Linguistic Factors and Features in Voice Assistant Systems
Type of the theme
In defining the type of the theme, the guiding principle has been Halliday’s hypothesis of theme and rheme as the fundamental structural pattern in English (Halliday, 1994). The message’s starting point is the theme or topic, which is determined by its position in the utterance. The rheme or comment is the clause’s theme-developing portion. Thematic positions are occupied by the subject (viewed as a semantic category, not only grammatical) in unmarked themes and by other parts of the utterance in marked themes. For example, in the collected VA system responses to a human question in the present study the following theme-rhematic structure is observed:
Q. What’s the weather today in Washington, DC?
A1. It’s currently clear and 18oC in Washington, DC (Unmarked)
A2. The forecast is around 15oC and clear. Right now it’s 18oC and clear. (Combination of marked and unmarked themes)
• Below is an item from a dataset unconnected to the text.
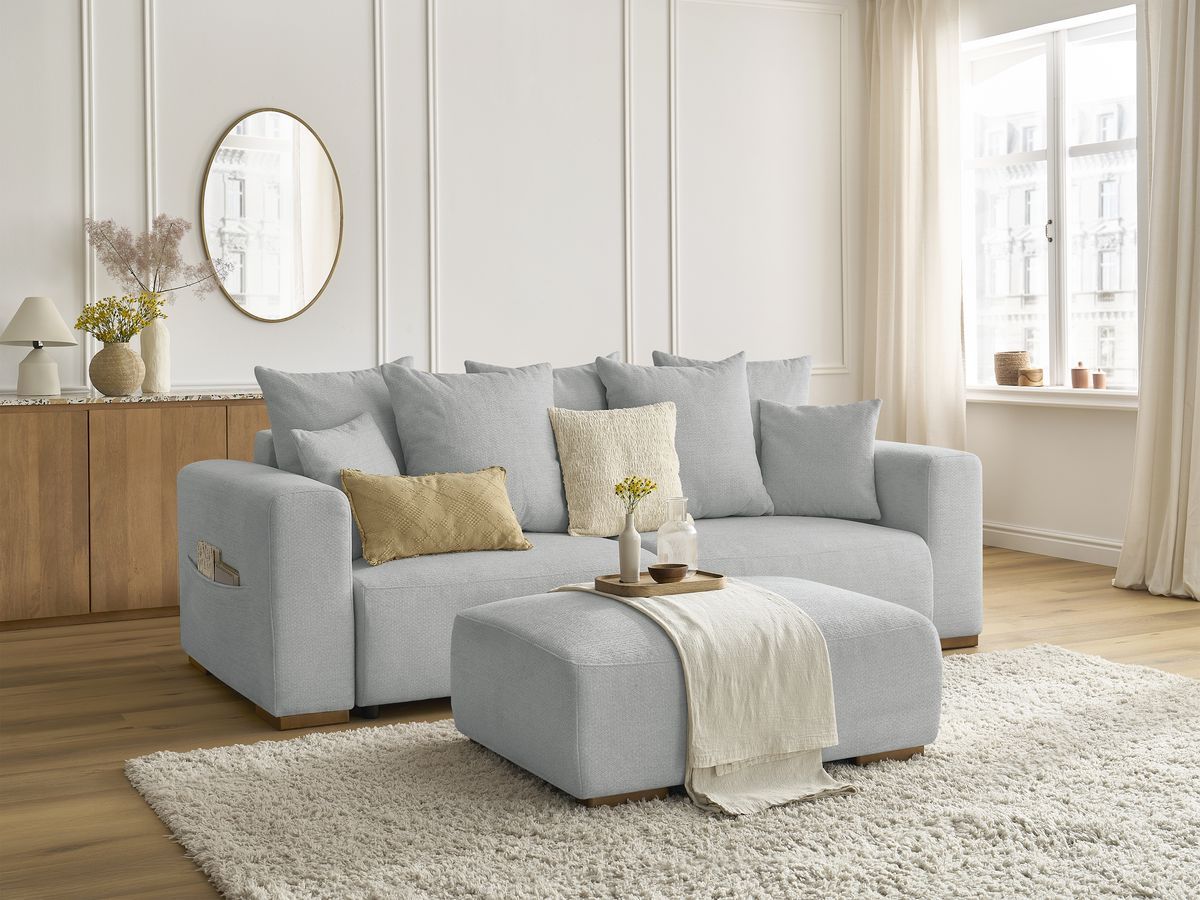 Canapé droit convertible SIDONIE tissu chiné avec pouf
A3. Right now in Washington, United States, it’s 66oF with clear skies. Tonight you can expect mostly clear skies with a low of 54 degrees (Marked)
Thematic progression
Thematization—the development of the theme throughout the conversation—is related to thematic progression. Thematic progression is how speakers connect topics over greater pieces of discourse (Daneš, 1974). The main types of progression are constant progression, where a theme that is not new derives from the previous theme(s); and linear progression, where the theme derives from the previous rheme (Daneš, 1974). Other types of progression refer to themes that could not be related to earlier material and therefore showed no progression. These include new themes (Herriman, 2011) and grammatical themes (McCabe, 1999), such as the expletives ‘it’ and ‘there’, which act as a grammatical subject but have no referent. The following answers to the question show examples.
Q. Who won the last Champions League Championship?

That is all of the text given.